Was macht die Linke konkret?
Wir reden einfach bei uns, in unserem Bundesland, über die Erfolge unseres Bundeslandes. Wir erzählen den Leuten keine Märchen. Sondern wir sagen den Leuten, wie gut sich der Arbeitsmarkt entwickelt hat und sagen trotzdem, dass Langzeitarbeitslose immer noch die Verlierer sind. Und was wir tun, damit diese Menschen nicht dauerhaft abgehängt werden. Wir reden auch darüber, dass wir Zuwanderung brauchen. Das bedeutet, dass unterschiedliche Kulturen zu uns kommen. Und wenn sie zu uns kommen und friedlich mit uns leben, dann müssen sie auch das Recht dazu haben, ihre Form der Kultur auch friedlich zu leben. Und wenn dann jemand sich ein Kopftuch umbindet, dann muss das sein Recht sein. So wie ein anderer seine Kippa trägt. Oder ein Sikh seinen Turban trägt. Aber ich will, dass die alle zusammen sich wahrnehmen und miteinander das Land voranbringen, in dem wir leben. Im Gegensatz zu Luxemburg, wo 40 Prozent Nicht-Luxemburger leben. Wir haben 4 Prozent Nicht-Deutsche. Verstehen Sie? Und wenn dann Herr Höcke von der Islamisierung und der Bedrohung der Islamisierung in Thüringen redet, dann ist das absurd. Und wenn dann Bilder geprägt werden, auf denen unser Dom mit den Insignien des Islams zu sehen ist, um dies als Bedrohung zu verkaufen, und dies bei Menschen, die zu 75 Prozent mit Kirche gar nichts am Hut haben, dann haben wir einen Grund, kulturell aufzuklären.Deswegen: Weniger über Herrn Höcke reden, mehr über unsere Kultur reden. Weniger über Herrn Höcke reden, mehr über die Erfolge reden. Weniger über Herrn Höcke reden, mehr über Modelle reden, was wir für Familien tun. Zum Beispiel zahlen Eltern seit dem 1. Januar keine Beiträge mehr für das letzte Kindergartenjahr. Und: Mehr Lehrer einstellen, statt über Unterrichtsausfall zu jammern. Das tun wir gerade.


Thüringen im Steckbrief

Seit Dezember 2014 wird das ostdeutsche Bundesland Thüringen von einer bis dahin einzigartigen Dreierkoalition aus DIE LINKE-SPD-Grüne regiert. Bodo Ramelow stellt erstmals in Deutschland den Ministerpräsidenten von der Linkspartei.
Das Landesparlament hat folgende Sitzeinteilung (91): DIE LINKE (28), SPD (12), Grüne (6), CDU (34), AfD (8), partei-, fraktionslos (2), Familie (fraktionslos) (1).

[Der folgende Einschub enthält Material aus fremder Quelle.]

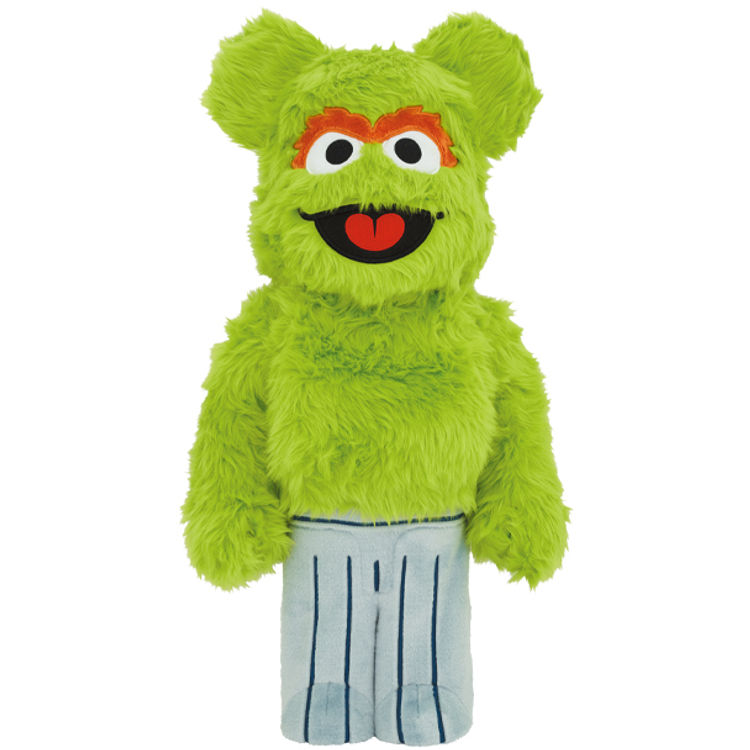1000% Oscar the Grouch Costume : Sesame Street Be@rbrick by Jim Henson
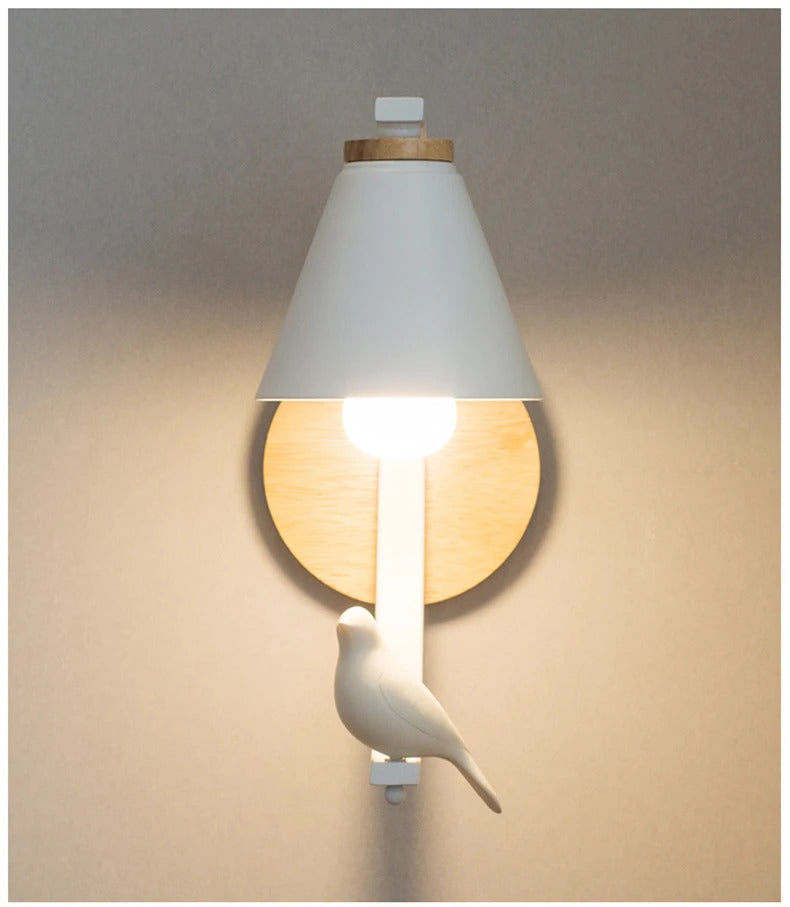 Modern Wood Wall Lamp Creative Resin Model Wall Lamps For Living Room Bedroom Children's Room Nordic Home Decor Light Fixtures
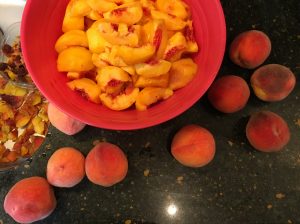So many slurpy peaches!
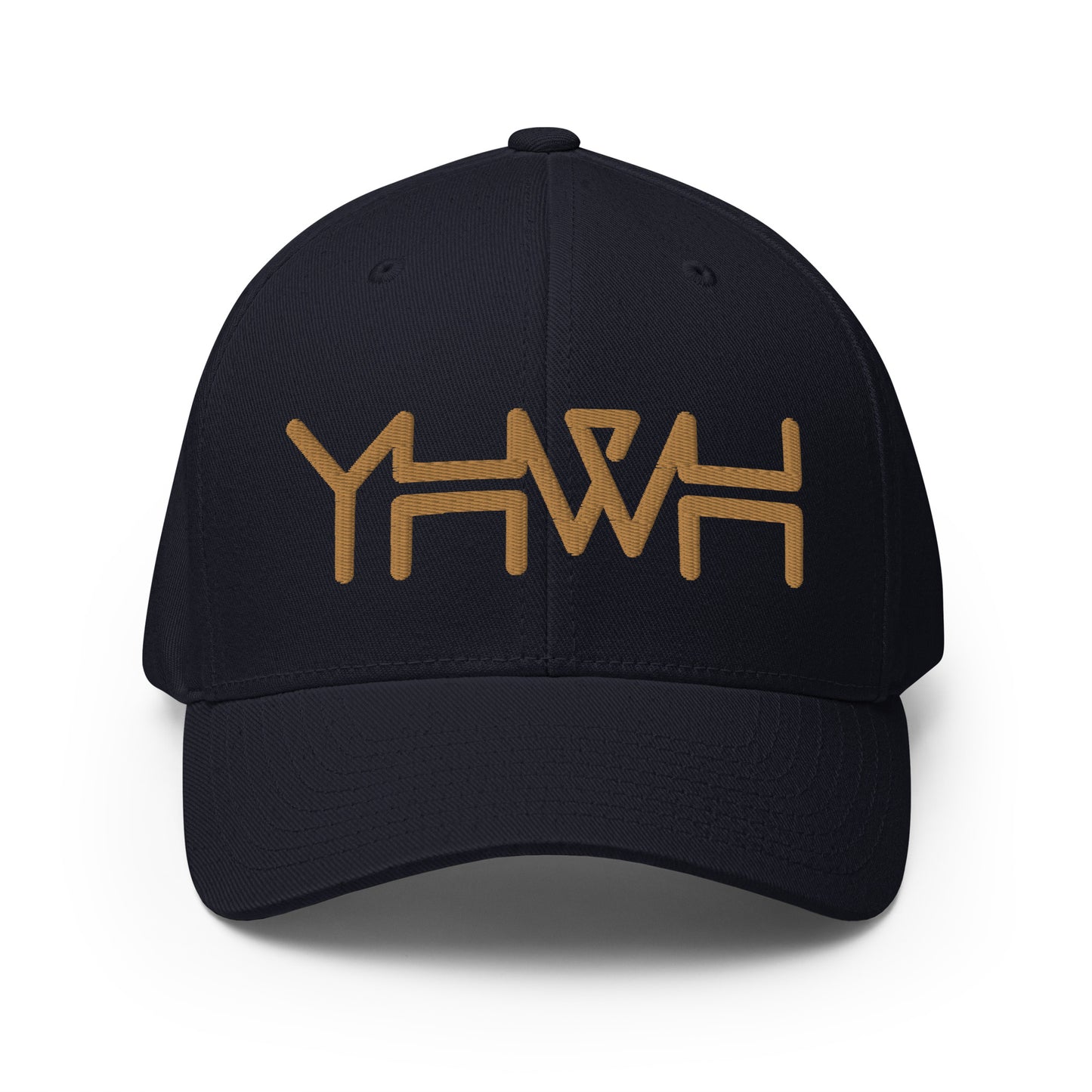 YHWH - Flexfit - Gold Crown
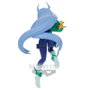 BANPRESTO Figura Nejire Hado de The Amazing Heroes - My Hero Academia - Statuette PVC 17 cm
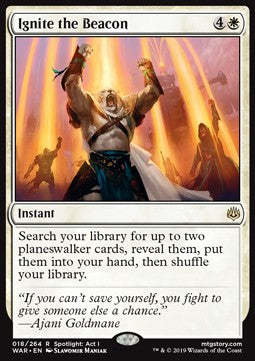 Ignite the Beacon WAR-18 Rare Near Mint Englisch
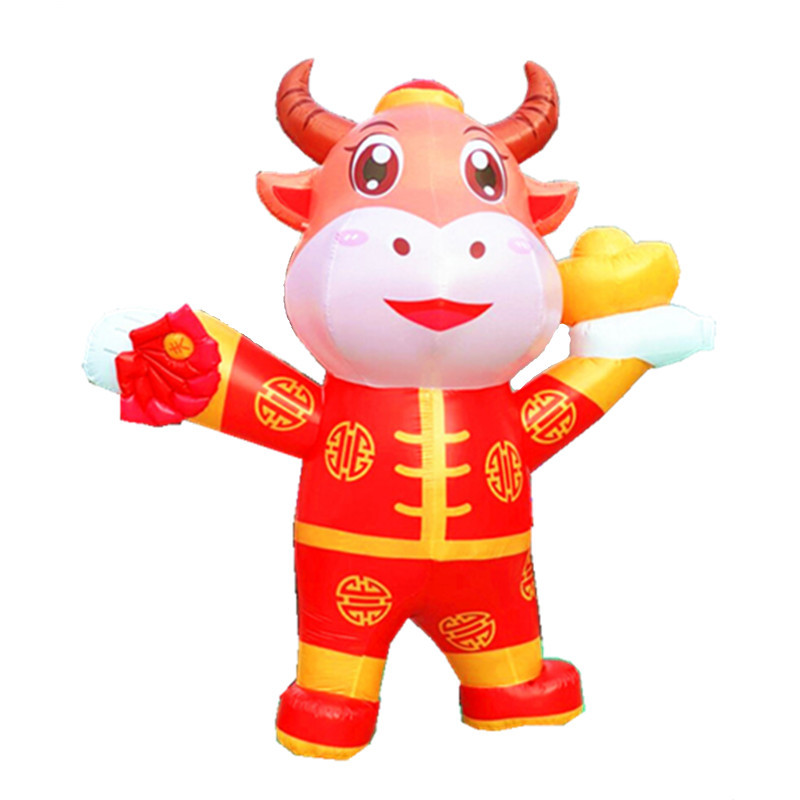 厂家新款充气卡通人广告展览器材固定活动充气模型可定制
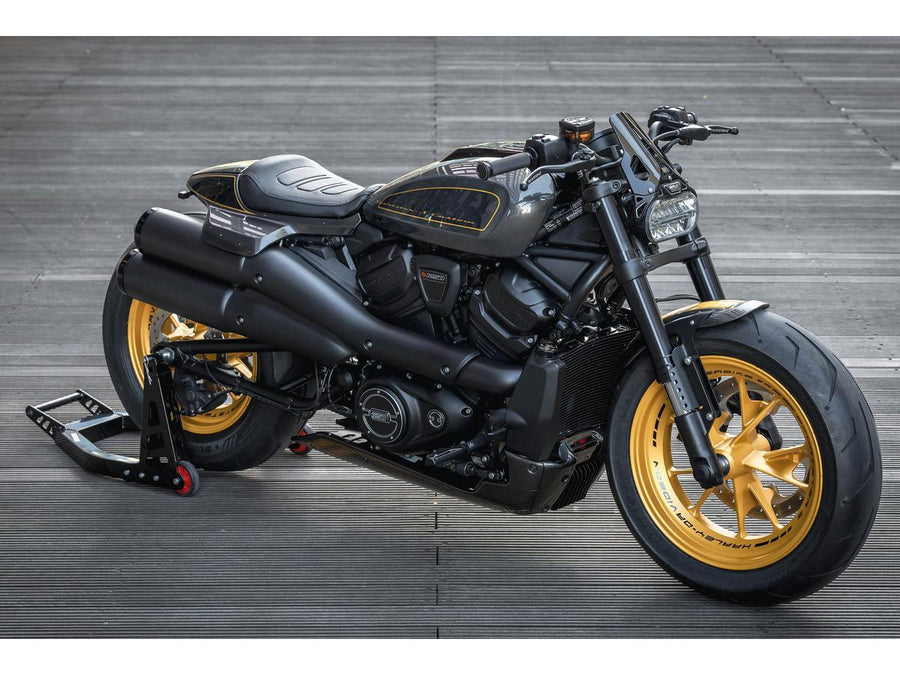 Harley Davidson Sportster S RH1250S [2021-2025] – SP-S Windschutzscheiben-Kit Schwarz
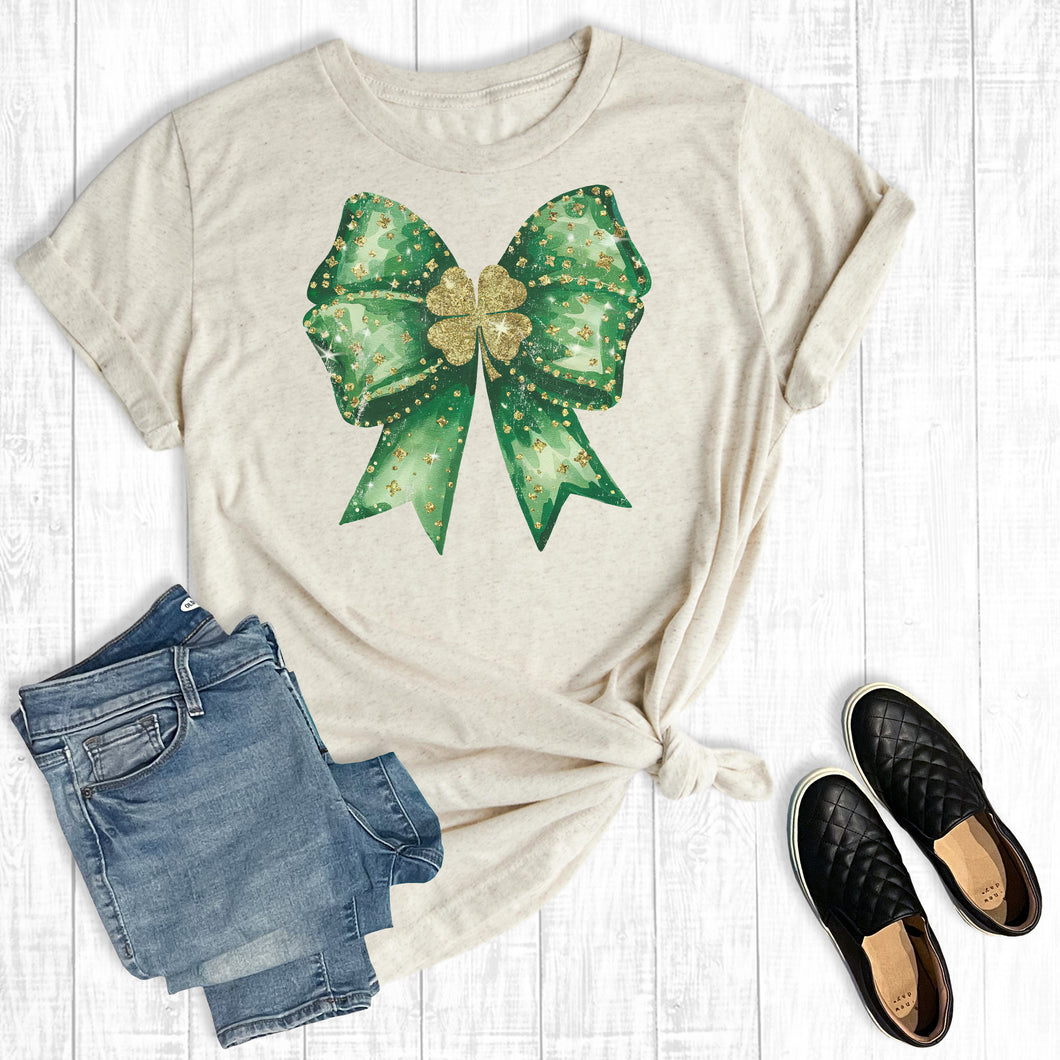 St Paddy's Day Coquette Bow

Exotische Parteikonstellationen gibt es inzwischen auch in anderen Bundesländern: Kenia in Sachsen-Anhalt, Rot-Rot-Grün in Berlin, eine Ampel in Rheinland-Pfalz und Jamaika in Schleswig Holstein.
Thüringen gehört mit einer Fläche von 16.000 Quadratkilometern und einer Einwohnerzahl von 2,2 Millionen zu den kleineren deutschen Bundesländern.Die Landeshauptstadt ist Erfurt.